Me crucé con el autobús que subía.
Saludé a mi conductor favorito por sus servicios prestados. Me devolvió el
saludo. Controlé la hora para ver hasta dónde podía apurar. Algo más abajo, me
encontré a la familia del monasterio que trataban de averiguar a qué hora
pasaba el siguiente autobús: casi 40 minutos. Me animé a seguir.
Aparecieron los primeros signos
de urbanismo: un restaurante, una casa envidiable. Las vistas sobre Sofía eran
ahora más diáfanas. La ciudad me pareció extensísima.

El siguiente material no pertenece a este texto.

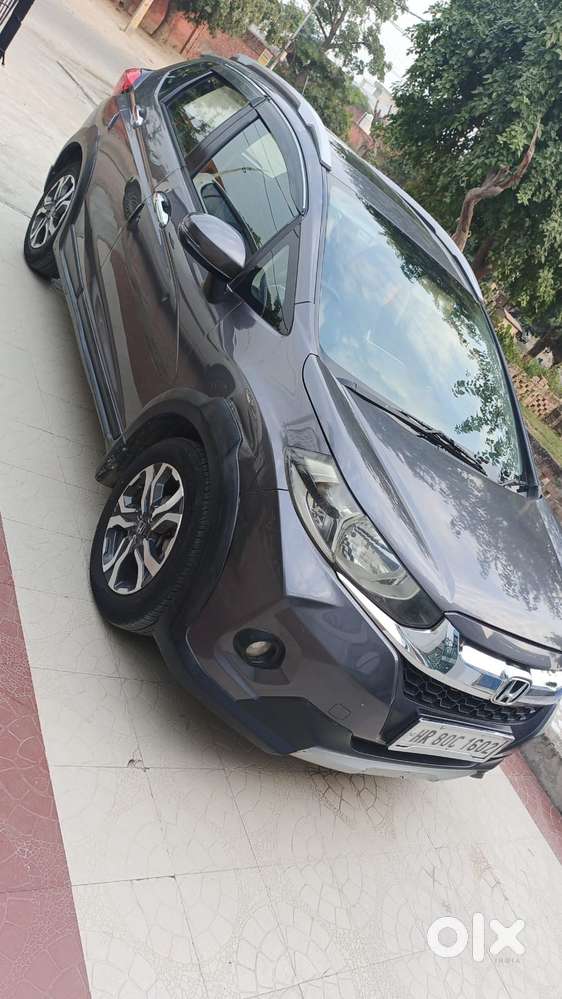 Top-end 2018 Honda Wr-v 1.5 I-dtec V - Alloy Wheels, Push Button Start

Con el mayor agrupamiento de
casas las paradas estaban más juntas. En un lugar dudé si debía de ir por la
derecha o por la izquierda. No ayudaron mucho los dos siguientes coches. Uno
giró hacia un lado y el otro se decantó por el otro. Me recordó a aquellos
cuentos albaneses del camino “de irás y no volverás”. Tomé a la derecha.
En un pequeño y rústico
restaurante donde los currantes de la zona comían compré una Coca Cola para
reponer líquido y glucosa. Pregunté por la parada. Un joven me indicó su
ubicación. Allí me encontré al matrimonio con las dos niñas. Escribí un rato a
la sombra. La pequeña no me quitaba ojo. Llegó el autobús con mi buen amigo el
conductor. Se sonrió. Esta vez pagué el billete. A pesar de las obras y los
desvíos llegamos en pocos minutos.
No me calenté mucho la cabeza
para localizar un lugar donde comer. El centro comercial ofrecía bastantes
alternativas. Estaba algo matado.
Me entró sueño. Sin embargo, me
resistí y tomé el metro hasta el Palacio Nacional de Cultura.